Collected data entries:

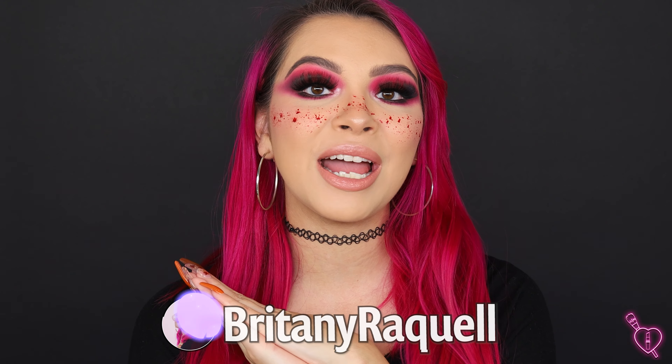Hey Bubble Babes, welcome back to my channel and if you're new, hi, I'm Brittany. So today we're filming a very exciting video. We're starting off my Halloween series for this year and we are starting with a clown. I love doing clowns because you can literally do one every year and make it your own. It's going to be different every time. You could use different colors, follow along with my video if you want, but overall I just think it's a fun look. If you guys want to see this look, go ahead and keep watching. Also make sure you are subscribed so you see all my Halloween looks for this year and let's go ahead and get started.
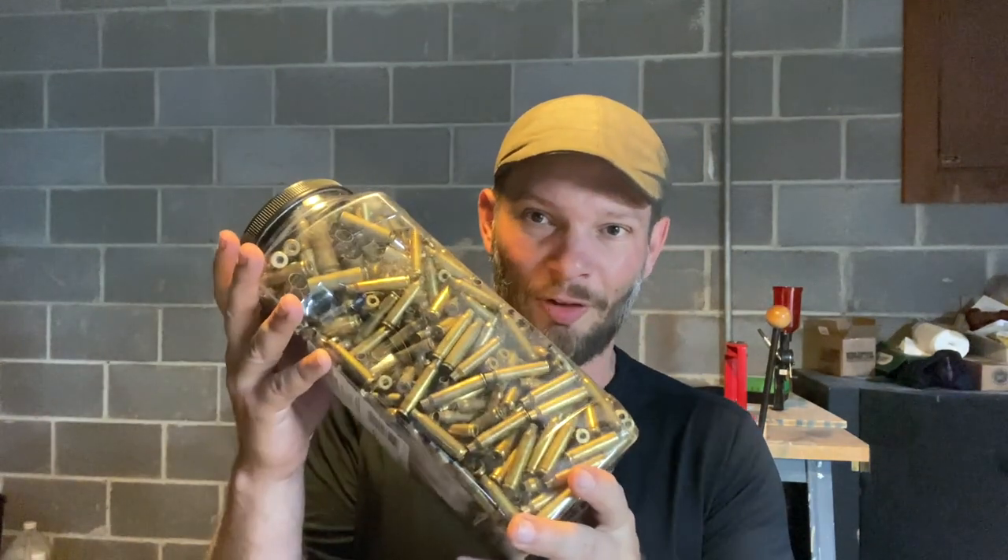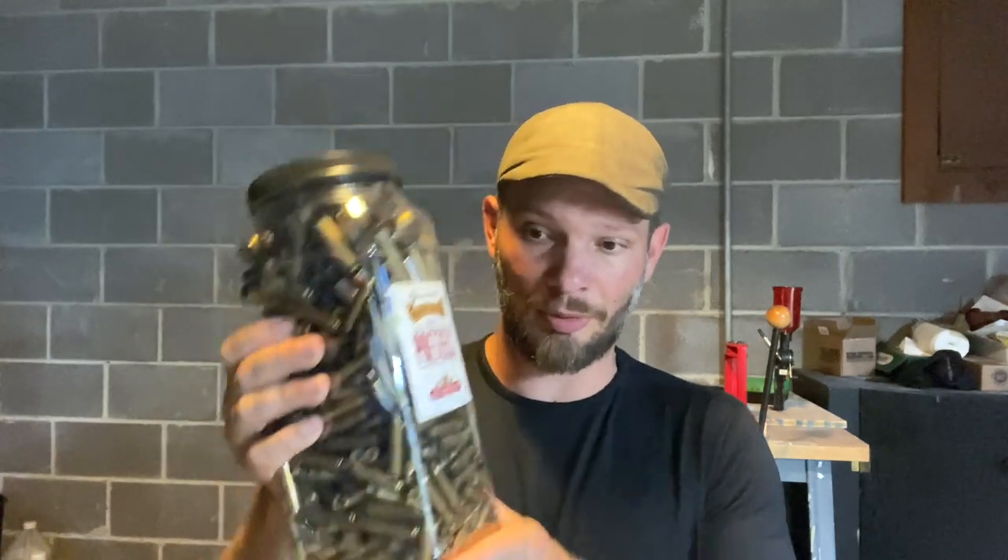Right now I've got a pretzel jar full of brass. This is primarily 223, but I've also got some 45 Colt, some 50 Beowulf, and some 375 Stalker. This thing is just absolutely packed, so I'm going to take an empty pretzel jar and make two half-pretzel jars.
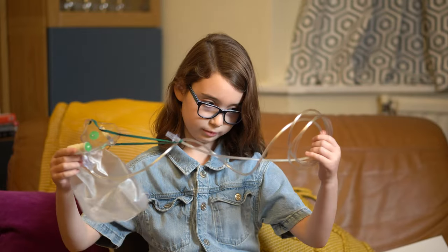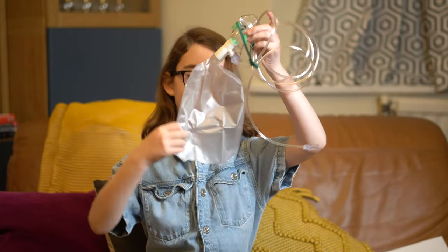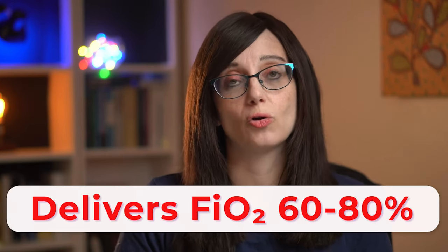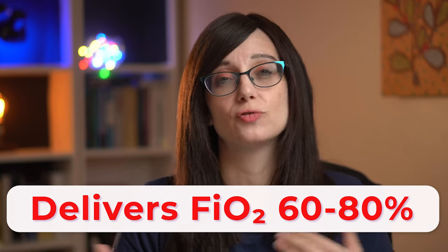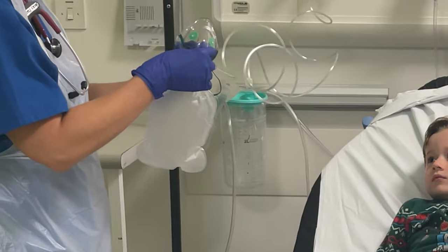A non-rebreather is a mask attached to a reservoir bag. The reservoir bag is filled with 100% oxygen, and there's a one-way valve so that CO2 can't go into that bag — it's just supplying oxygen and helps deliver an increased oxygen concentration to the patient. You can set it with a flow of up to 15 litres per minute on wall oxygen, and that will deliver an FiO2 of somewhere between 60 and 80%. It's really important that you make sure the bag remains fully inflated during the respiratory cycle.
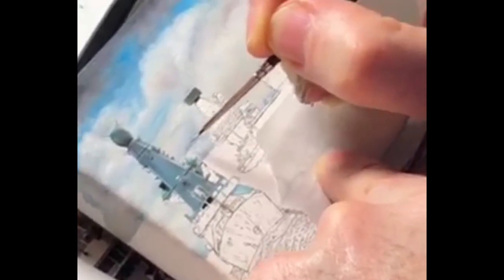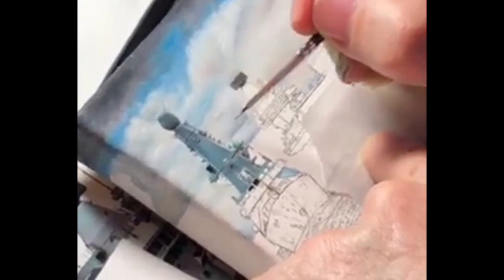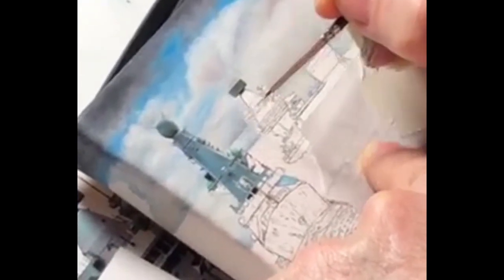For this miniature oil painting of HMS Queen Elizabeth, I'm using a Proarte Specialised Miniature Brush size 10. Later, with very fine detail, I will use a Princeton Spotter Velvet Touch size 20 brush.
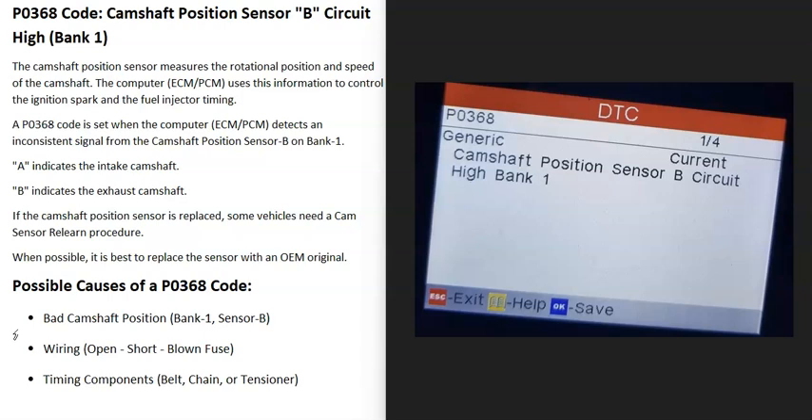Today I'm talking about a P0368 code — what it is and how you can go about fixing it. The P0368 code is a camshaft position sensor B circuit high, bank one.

◆ **REQUIRED ACTION**: Your output should be the full set of entries above, restated word for word and free of pictures.

◆ **SOLVED EXERCISE**:
Hey Bubble Babes, welcome back to my channel and if you're new, hi, I'm Brittany. So today we're filming a very exciting video. We're starting off my Halloween series for this year and we are starting with a clown. I love doing clowns because you can literally do one every year and make it your own. It's going to be different every time. You could use different colors, follow along with my video if you want, but overall I just think it's a fun look. If you guys want to see this look, go ahead and keep watching. Also make sure you are subscribed so you see all my Halloween looks for this year and let's go ahead and get started.
Right now I've got a pretzel jar full of brass. This is primarily 223, but I've also got some 45 Colt, some 50 Beowulf, and some 375 Stalker. This thing is just absolutely packed, so I'm going to take an empty pretzel jar and make two half-pretzel jars.
A non-rebreather is a mask attached to a reservoir bag. The reservoir bag is filled with 100% oxygen, and there's a one-way valve so that CO2 can't go into that bag — it's just supplying oxygen and helps deliver an increased oxygen concentration to the patient. You can set it with a flow of up to 15 litres per minute on wall oxygen, and that will deliver an FiO2 of somewhere between 60 and 80%. It's really important that you make sure the bag remains fully inflated during the respiratory cycle.
For this miniature oil painting of HMS Queen Elizabeth, I'm using a Proarte Specialised Miniature Brush size 10. Later, with very fine detail, I will use a Princeton Spotter Velvet Touch size 20 brush.
Today I'm talking about a P0368 code — what it is and how you can go about fixing it. The P0368 code is a camshaft position sensor B circuit high, bank one.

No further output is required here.